Economical - No bit patterns are redundant. There is one representation for infinity denoted as ± inf and zero. All other bit patterns are valid distinct non-zero real numbers. ± inf serves as a replacement for NaN.
Mathematical Elegant - There is only one representation for zero, and the encoding is symmetric around 1.0. Associative and distributive laws are supported through deferred rounding via the quire, enabling reproducible linear algebra algorithms in any concurrency environment.
Tapered Accuracy - Tapered accuracy is when values with small exponent have more digits of accuracy and values with large exponents have fewer digits of accuracy. This concept was first introduced by Morris (1971) in his paper ”Tapered Floating Point: A New Floating-Point Representation”.

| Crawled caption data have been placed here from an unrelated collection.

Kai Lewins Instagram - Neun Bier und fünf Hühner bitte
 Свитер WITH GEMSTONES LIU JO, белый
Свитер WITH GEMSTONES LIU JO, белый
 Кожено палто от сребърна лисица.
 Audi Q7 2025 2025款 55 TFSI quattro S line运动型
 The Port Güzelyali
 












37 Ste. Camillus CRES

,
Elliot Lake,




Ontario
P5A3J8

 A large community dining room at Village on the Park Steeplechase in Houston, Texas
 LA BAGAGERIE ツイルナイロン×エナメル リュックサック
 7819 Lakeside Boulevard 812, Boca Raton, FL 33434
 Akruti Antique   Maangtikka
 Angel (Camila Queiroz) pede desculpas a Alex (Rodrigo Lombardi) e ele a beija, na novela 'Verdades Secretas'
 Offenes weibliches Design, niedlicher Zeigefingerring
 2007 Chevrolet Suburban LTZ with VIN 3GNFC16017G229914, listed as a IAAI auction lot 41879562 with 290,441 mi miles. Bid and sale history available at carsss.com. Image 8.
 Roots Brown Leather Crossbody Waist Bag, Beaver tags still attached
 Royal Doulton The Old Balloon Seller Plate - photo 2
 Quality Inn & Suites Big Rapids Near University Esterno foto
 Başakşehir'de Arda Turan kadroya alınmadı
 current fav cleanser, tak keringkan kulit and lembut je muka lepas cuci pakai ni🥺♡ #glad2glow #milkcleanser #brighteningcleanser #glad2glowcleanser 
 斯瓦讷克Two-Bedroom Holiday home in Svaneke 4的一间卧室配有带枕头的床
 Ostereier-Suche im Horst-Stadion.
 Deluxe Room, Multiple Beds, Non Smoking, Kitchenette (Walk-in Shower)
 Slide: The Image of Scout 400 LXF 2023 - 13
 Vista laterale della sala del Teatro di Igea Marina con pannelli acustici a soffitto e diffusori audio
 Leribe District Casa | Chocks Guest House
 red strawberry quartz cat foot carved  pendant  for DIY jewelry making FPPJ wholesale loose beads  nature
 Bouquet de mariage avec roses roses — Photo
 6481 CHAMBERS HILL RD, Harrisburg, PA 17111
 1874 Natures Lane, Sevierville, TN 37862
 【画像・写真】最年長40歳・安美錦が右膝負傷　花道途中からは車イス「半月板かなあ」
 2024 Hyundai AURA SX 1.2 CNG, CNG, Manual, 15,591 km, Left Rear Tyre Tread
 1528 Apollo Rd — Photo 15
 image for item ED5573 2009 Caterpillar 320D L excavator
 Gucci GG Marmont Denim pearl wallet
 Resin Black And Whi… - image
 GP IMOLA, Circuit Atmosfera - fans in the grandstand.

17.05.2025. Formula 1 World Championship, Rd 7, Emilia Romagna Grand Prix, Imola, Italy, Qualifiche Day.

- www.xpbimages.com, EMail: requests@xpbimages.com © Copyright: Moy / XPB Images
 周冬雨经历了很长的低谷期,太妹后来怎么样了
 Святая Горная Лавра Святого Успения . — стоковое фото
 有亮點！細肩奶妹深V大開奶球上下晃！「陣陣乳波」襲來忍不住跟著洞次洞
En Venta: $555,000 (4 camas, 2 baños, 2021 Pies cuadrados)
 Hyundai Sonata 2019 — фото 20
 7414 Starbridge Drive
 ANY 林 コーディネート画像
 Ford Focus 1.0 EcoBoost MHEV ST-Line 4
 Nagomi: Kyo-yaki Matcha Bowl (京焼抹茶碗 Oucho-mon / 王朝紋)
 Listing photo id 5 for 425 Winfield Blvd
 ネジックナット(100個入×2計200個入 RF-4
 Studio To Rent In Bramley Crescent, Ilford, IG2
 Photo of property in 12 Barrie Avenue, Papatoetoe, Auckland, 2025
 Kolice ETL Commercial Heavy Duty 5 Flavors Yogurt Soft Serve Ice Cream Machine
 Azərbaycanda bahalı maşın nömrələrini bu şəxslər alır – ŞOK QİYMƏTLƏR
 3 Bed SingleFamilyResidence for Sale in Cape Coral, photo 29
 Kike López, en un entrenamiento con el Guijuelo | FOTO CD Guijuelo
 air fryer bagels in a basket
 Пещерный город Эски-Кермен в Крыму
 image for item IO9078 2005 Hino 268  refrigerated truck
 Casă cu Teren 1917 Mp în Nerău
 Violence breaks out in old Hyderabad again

Parameterized precision and dynamic range -- posits are defined by a size, nbits, and the number of exponent bits, es. This enables system designers the freedom to pick the right precision and dynamic range required for the application. For example, for AI applications we may pick 5 or 6 bit posits without any exponent bits to improve performance. For embedded DSP applications, such as 5G base stations, we may select a 16 bit posit with 1 exponent bit to improve performance per Watt.
Simpler Circuitry - There are only two special cases, Not a Real and Zero. No denormalized numbers, overflow, or underflow.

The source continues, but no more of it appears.